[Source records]

====

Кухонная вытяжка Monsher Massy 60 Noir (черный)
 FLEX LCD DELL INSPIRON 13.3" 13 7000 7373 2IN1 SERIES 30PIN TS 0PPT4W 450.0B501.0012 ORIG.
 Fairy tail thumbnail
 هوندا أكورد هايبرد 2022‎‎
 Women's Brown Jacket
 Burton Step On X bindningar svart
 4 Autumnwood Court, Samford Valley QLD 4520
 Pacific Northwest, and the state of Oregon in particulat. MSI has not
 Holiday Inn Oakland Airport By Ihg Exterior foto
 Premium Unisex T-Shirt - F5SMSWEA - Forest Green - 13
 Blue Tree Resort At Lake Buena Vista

====

### The problem
Write out exactly the lines that run from the one containing "Pacific Northwest, and" to the end of the records, both end lines included.

### Answer below
 Pacific Northwest, and the state of Oregon in particulat. MSI has not
 Holiday Inn Oakland Airport By Ihg Exterior foto
 Premium Unisex T-Shirt - F5SMSWEA - Forest Green - 13
 Blue Tree Resort At Lake Buena Vista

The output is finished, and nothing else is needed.